What’s the most interesting thing you’ve learned?
There is never a language barrier when you travel. People will help you even if you use sign language. Also, you can have Google Translate with the local language to help you.
Google Maps downloaded in advance will save net charges and help find easy ways to reach your destination. Stay away from voice calling and instead use the internet for a month.
Would you call yourself a traveller or a tourist?
Traveller for sure! I am okay staying at small places enjoying my time rather than going to tourist spots, wait in line, and just have a look for a minute or so.
How many gadgets do you normally carry? Do you use social media effectively?
I have my Quechua – 60 L bag which fits all for 2- 4 weeks weeks travel. Gadget wise, one good phone and power bank for an emergency, is sufficient.
I generally post very few pictures on social media when travelling, as I don’t like to show off.
Do you have a strict schedule or go with the flow?
Yes, you can say that I follow a schedule as I always plan my days; book my return tickets and do hotel bookings in advance; but day-wise activity can be shuffled as I generally stay for 3-4 days at least per city.
But of late, in case I enjoy someplace a lot, I go with the flow.
Apart from exploring popular places, we also scout hidden gems, for even a place of no tourist value, can be beautiful.
I like to rest and enjoy vacations at a slow pace and avoid covering maximum places.
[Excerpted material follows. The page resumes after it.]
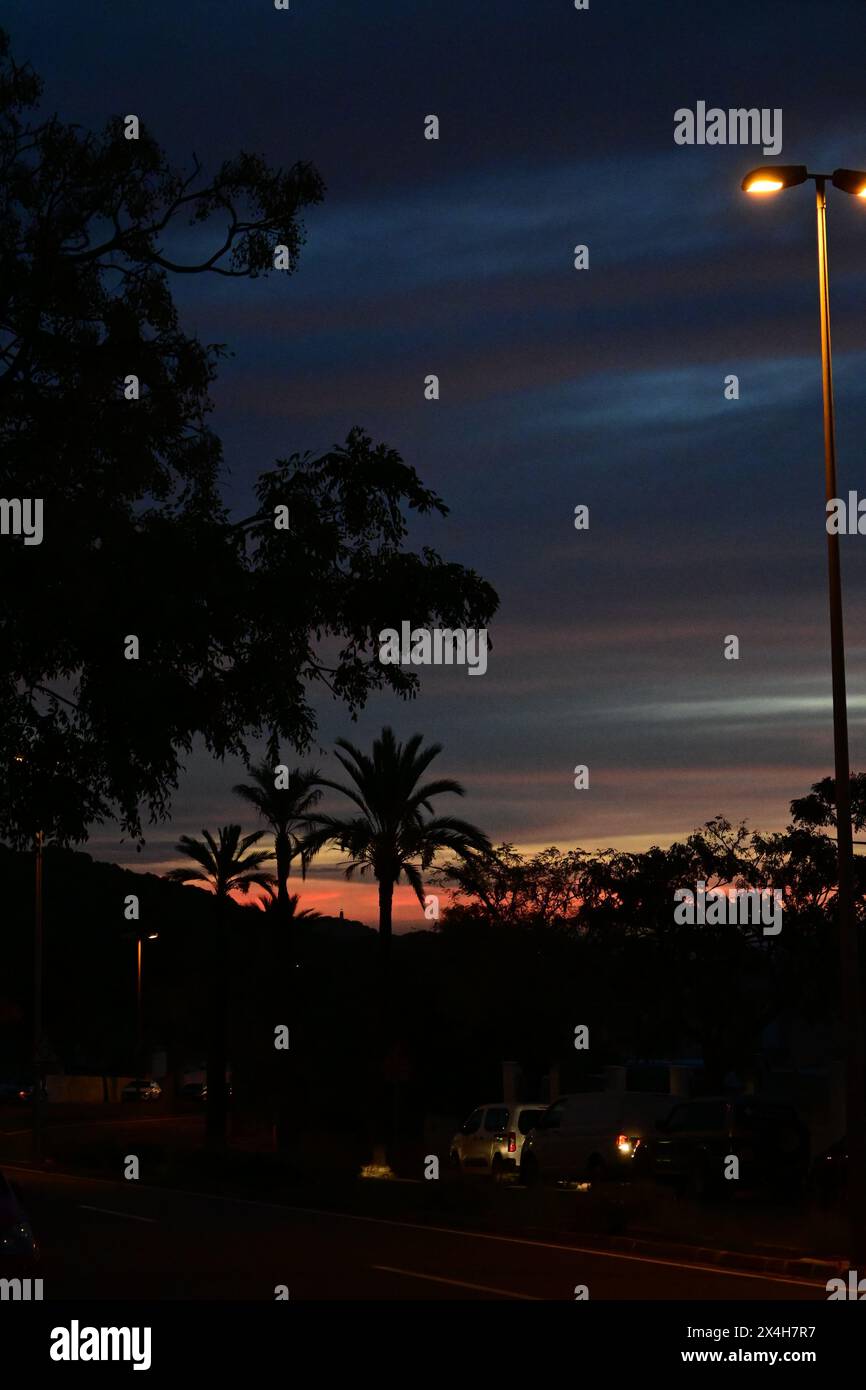 Ein ruhiger Abendspaziergang mit Straßenlaternen, die in der Dämmerung eine ruhige Stadtstraße erleuchten, warme Lichter auf die Gebäude werfen und eine friedliche Atmosphäre schaffen Stockfoto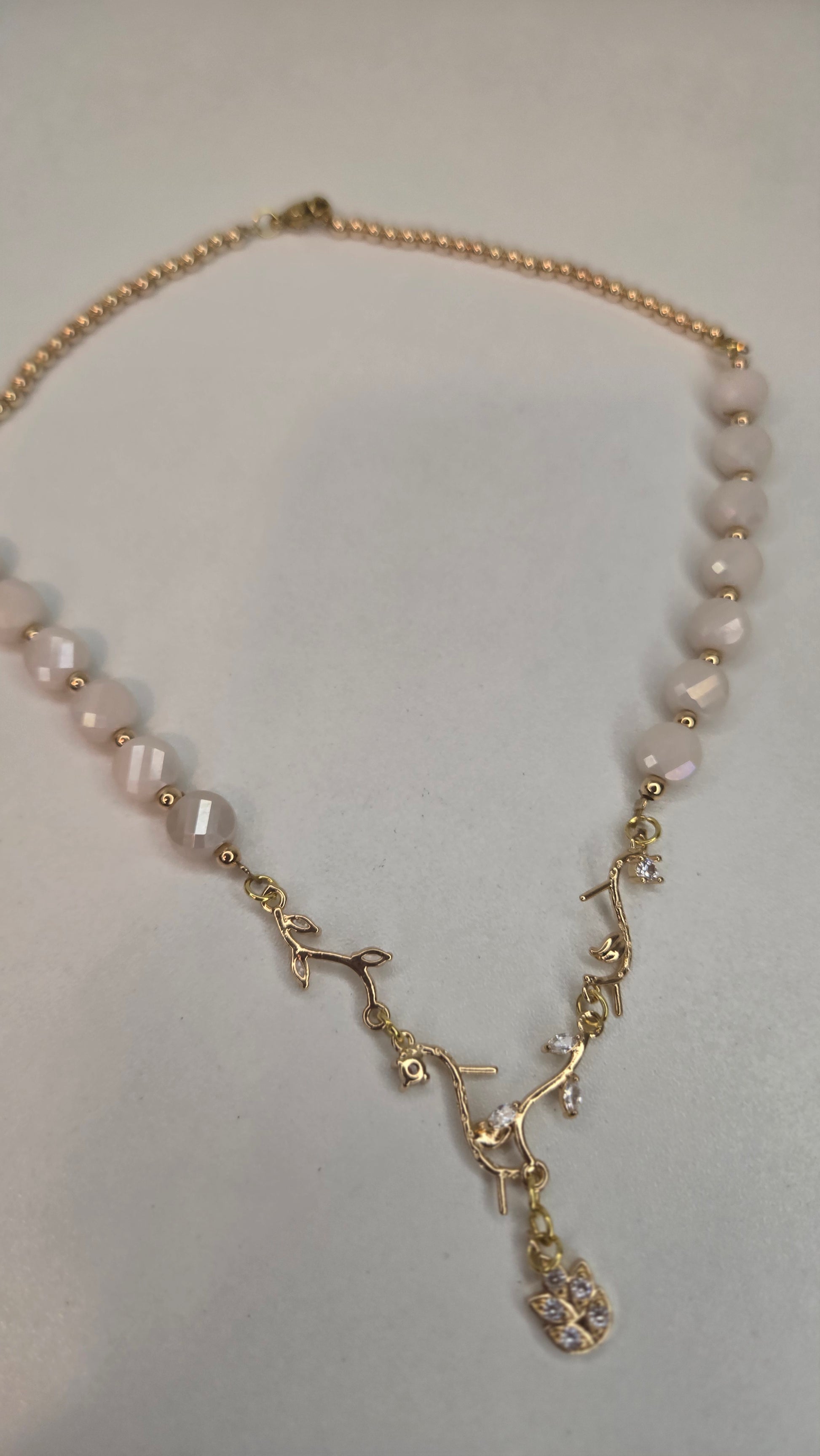 Model wearing Pearl Branch Necklace, highlighting its graceful drape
How do you pack a suitcase?
I always travel with my Quechua Backpack and one small side bag during local travelling. The backpack is divided into 3 sections for clothes and shoes, food and daily need items. The small bag is for documents and also for books, glares and water bottles.
Just travel light as much as possible and you can fill the bag with souvenirs and clothes while returning. I recall memories of Europe when I had only one-two pairs of jeans and 6 t-shirts for a one month trip. You can reuse and wash them if you begin to live locally.
How many foreign languages have you learnt so far?
None! I learn local greetings and phrases to use them for particular travel and then go ahead.
Do you plan to become a travel writer?
Yes! I want to be a travel blogger.
I believe you are a foodie too? Do you cook or only eat?
I eat and eat everything. Try to explore new things. But cooking is not for me. My wife is a wonderful cook and enjoys it and I am always there for all her experiments. I prefer to do cleaning, after cooking so you can say, that is my specialty.